• **Task requirements**
For this exercise, repeat the whole listing below exactly. Leave the pictures out.

• **Available data**

▼▼▼

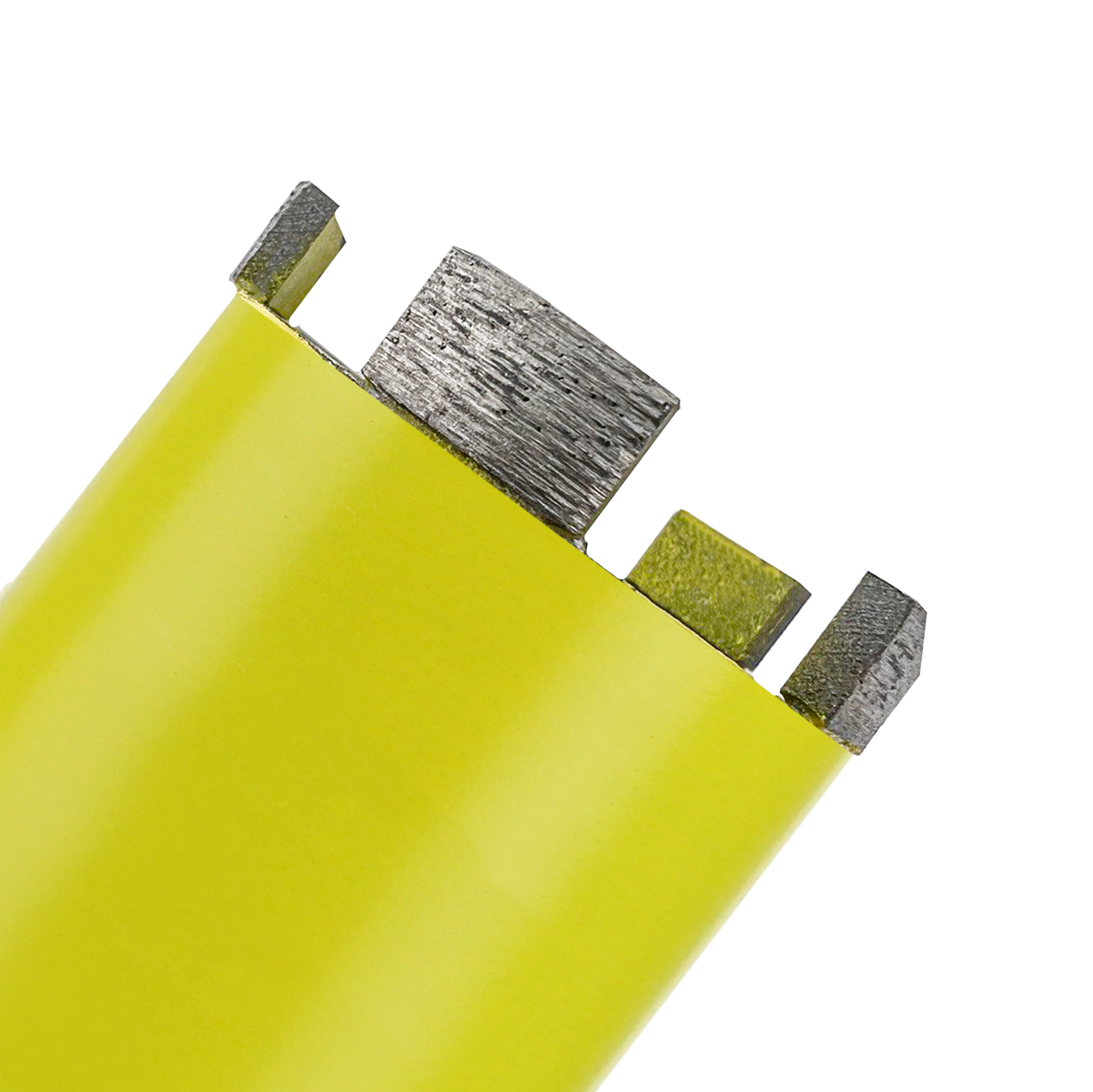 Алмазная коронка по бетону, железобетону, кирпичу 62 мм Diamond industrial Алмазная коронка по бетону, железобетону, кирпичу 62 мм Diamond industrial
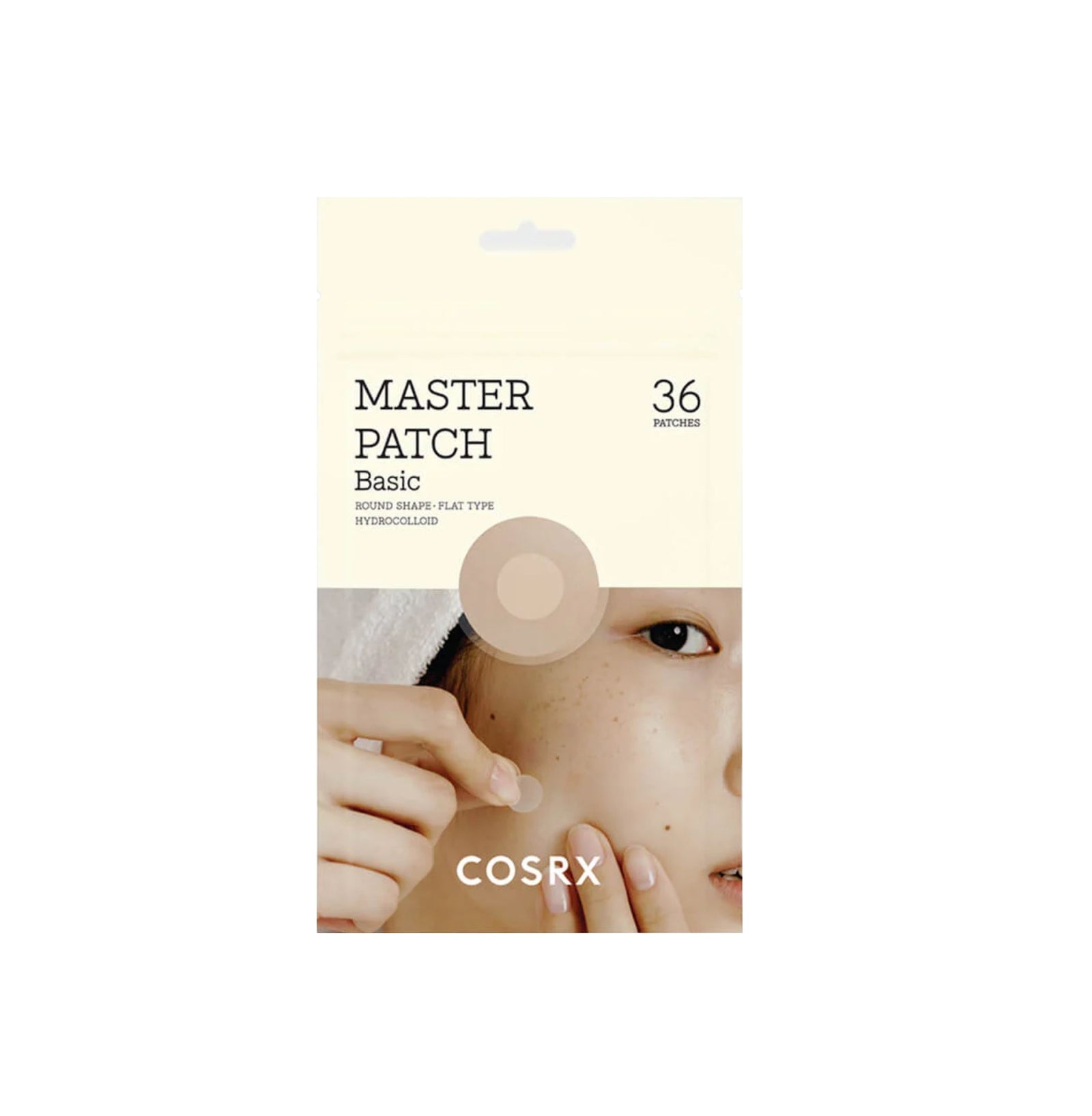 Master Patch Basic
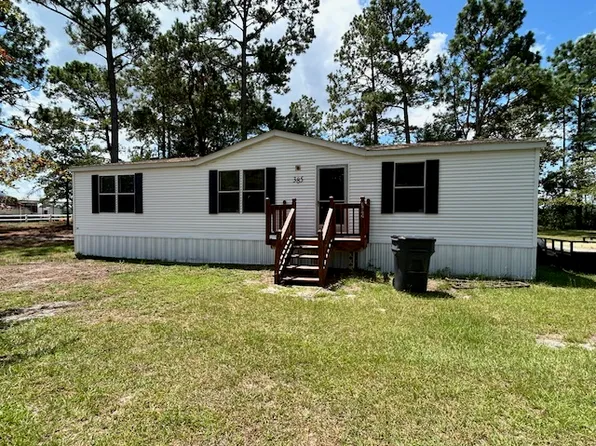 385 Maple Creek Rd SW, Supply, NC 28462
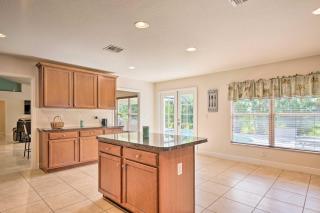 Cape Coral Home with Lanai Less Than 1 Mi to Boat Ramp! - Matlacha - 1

▲▲▲

• **Reply**
 Алмазная коронка по бетону, железобетону, кирпичу 62 мм Diamond industrial Алмазная коронка по бетону, железобетону, кирпичу 62 мм Diamond industrial
 Master Patch Basic
 385 Maple Creek Rd SW, Supply, NC 28462
 Cape Coral Home with Lanai Less Than 1 Mi to Boat Ramp! - Matlacha - 1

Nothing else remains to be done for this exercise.